[Items from a data source]
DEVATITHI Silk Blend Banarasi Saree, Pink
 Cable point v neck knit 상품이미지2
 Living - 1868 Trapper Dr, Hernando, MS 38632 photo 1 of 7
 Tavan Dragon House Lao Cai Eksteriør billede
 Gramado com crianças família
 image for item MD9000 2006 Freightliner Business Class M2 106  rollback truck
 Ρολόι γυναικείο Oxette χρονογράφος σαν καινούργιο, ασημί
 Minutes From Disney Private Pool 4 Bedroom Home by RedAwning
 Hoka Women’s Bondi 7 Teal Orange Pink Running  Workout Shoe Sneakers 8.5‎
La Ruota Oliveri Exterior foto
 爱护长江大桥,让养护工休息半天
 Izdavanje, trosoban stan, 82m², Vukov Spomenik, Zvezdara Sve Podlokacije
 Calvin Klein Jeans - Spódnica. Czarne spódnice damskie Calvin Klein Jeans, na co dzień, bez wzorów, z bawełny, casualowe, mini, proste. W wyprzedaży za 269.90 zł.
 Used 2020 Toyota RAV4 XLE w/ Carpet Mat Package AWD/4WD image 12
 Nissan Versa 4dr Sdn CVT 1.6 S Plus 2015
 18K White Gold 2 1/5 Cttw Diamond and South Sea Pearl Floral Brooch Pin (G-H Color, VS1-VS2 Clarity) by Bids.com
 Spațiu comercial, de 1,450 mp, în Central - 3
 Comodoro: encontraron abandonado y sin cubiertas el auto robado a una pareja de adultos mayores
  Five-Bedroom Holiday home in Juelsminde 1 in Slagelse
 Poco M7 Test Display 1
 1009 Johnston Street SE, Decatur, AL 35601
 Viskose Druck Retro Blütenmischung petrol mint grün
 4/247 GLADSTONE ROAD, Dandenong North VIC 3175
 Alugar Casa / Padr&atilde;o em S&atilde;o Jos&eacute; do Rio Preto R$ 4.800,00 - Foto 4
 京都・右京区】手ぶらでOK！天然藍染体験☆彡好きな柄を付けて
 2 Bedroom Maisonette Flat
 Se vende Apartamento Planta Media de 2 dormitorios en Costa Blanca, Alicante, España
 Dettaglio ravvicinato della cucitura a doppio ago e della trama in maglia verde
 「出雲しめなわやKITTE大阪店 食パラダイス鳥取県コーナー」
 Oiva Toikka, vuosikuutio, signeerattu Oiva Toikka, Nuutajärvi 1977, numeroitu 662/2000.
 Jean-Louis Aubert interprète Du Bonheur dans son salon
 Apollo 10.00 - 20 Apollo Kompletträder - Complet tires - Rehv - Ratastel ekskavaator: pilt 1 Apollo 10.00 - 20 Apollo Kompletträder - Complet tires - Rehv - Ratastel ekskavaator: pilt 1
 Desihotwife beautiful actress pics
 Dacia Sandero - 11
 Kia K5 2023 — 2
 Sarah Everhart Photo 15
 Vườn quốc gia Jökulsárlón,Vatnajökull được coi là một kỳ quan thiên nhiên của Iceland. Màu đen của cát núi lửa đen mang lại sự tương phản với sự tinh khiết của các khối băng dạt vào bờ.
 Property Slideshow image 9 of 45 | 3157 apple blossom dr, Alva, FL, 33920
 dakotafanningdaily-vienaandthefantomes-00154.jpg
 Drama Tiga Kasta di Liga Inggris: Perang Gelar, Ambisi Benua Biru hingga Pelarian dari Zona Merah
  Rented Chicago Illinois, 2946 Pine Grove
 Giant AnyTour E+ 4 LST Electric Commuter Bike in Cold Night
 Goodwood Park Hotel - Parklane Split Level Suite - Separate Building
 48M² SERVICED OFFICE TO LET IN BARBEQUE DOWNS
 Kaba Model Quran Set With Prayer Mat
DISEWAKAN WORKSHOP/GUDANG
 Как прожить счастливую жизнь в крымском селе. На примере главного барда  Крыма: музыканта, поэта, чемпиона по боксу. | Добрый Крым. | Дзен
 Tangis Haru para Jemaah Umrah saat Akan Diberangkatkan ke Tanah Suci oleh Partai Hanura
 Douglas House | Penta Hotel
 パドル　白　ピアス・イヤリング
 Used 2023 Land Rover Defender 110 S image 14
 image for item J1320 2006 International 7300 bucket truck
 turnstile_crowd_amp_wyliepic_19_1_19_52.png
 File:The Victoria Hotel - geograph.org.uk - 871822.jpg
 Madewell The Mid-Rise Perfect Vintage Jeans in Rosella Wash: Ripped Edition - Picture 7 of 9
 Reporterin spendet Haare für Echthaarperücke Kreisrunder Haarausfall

# [WORK TO BE COMPLETED]
Every line above with the string "truck" in it should be copied into the answer.

# [RESULT OF THIS TASK]
 image for item MD9000 2006 Freightliner Business Class M2 106  rollback truck
 image for item J1320 2006 International 7300 bucket truck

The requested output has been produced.